Heei, sebelum aku mendapati kepastian itu bolehkah aku bertanya tentang apa-apa yang harus kuperbuat dan kupersiapkan untuk menerima takdir? Tenang saja, hanya pertanyaan simpel yang takkan membuatmu menjadi sakit kepala macam diriku, pertanyaan Pertama: pantaskah manusia hidup, sementara sepanjang hidupnya hanya akan membuat kerusakan, dan saling menyakiti satu sama lain? Kedua:  Apakah di dunia ini ada sebuah kebahagiaan yang benar-benar membuat seorang manusia merasa bahagia? Ketiga: Dapatkah seorang manusia hidup tanpa mengenakan topeng-topeng kepalsuan dan dusta? Keempat: Dimanakah perjalanan manusia akan berlanjut, ketika seorang manusia telah menemui ketetapannya? Dan terakhir: Apakah saat seorang manusia menghadapi ketetapan yang sebentar lagi menghampirinya dengan simpul senyum yang begitu indah, sesuatu yang dicintai dan diinginkannya akan datang lagi?

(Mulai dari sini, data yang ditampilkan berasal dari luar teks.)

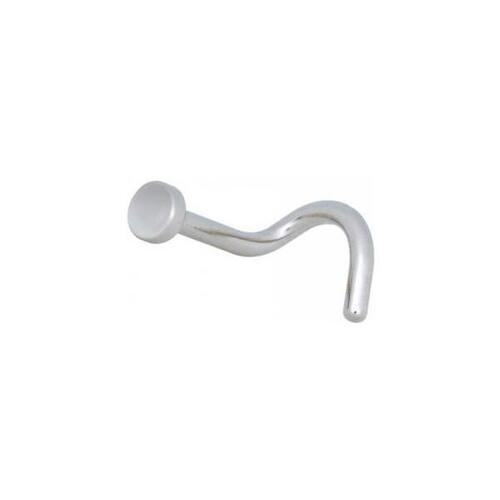 Titanium Highline® Disc Nostril Stud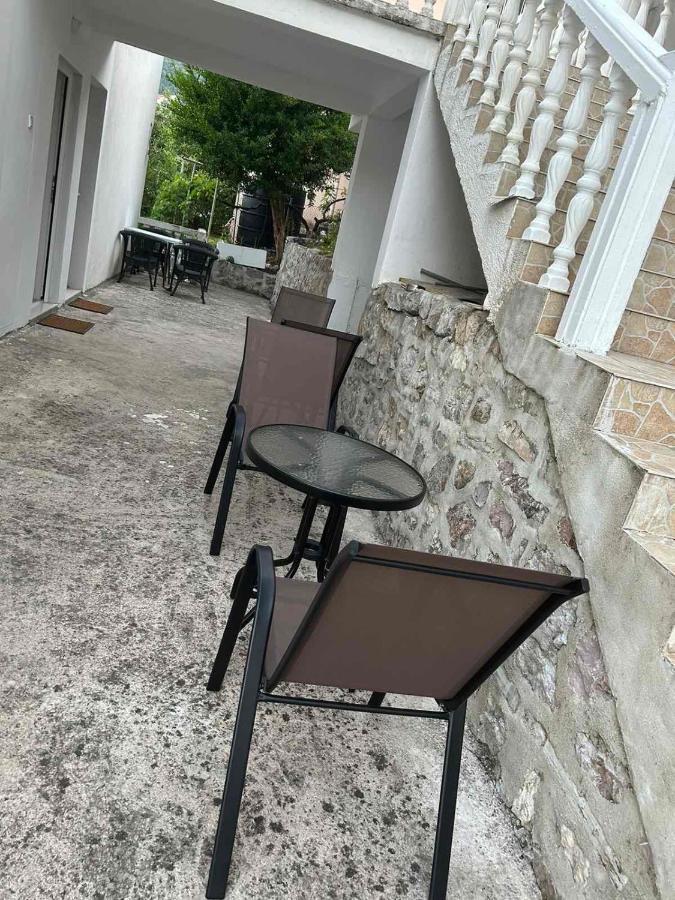 Apartman Boka 1 Bu2 Будва Екстериор снимка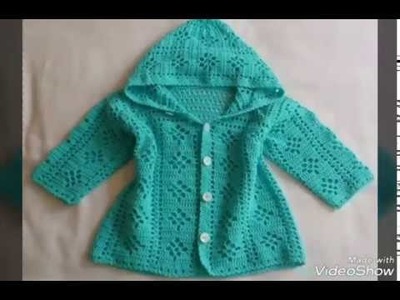 Latest sweater  design pattern for kids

He..he..he.. Lalu aku mulai berpikir. Gila!. Andai saja aku dapat menikmati ulang tahunku yang ke-23, atau aku masih diberi kesempatan oleh-Nya untuk melihat kembang api saat tahun baru tiba. Atau mungkin, aku akan disiksa dengan umur panjang yang kunikmati sendiri dan benar-benar sendiri, hingga akhirnya aku lupa bagaimana cara untuk berkomunikasi dengan makhluk lain. Lantas hal apakah yang akan kulakukan tuk mengisi penantian yang benar-benar melelahkan dan memuakkan itu?

Ugh!..kini kesadaranku mulai hilang, dan penglihatanku telah sepekat malam, malam yang begitu kelam tanpa ada satupun cahaya dari bintang-bintang. Urrghh!! suaraku makin serak.. Dadaku tiba-tiba menjadi sesak, semakin sesak, semakin sesak, sesak yang tak dapat kugambarkan dengan ungkapan apapun. Lalu, tibalah udara di kerongkonganku, lalu kuucapkan kedua kalimat secara terbata-bata…Dan, bayangmu muncul, lagi, lagi, dan lagi…ingin kuucap kata berpisah, “selamat tinggal!, selamat jalan! atau terima kasih!” namun lidahku kelu, mati rasa, dan telah kaku nampaknya, kemudian… Bruuk!!!... badanku rebah...

Lamat-lamat, kudengar langkah kaki seseorang, setengah berlari, menghampiri tubuhku, diiringi hujan yang dibawa dibelakangnya…
***
Sekretariat Teater Tesa, 11 – Maret – 2015.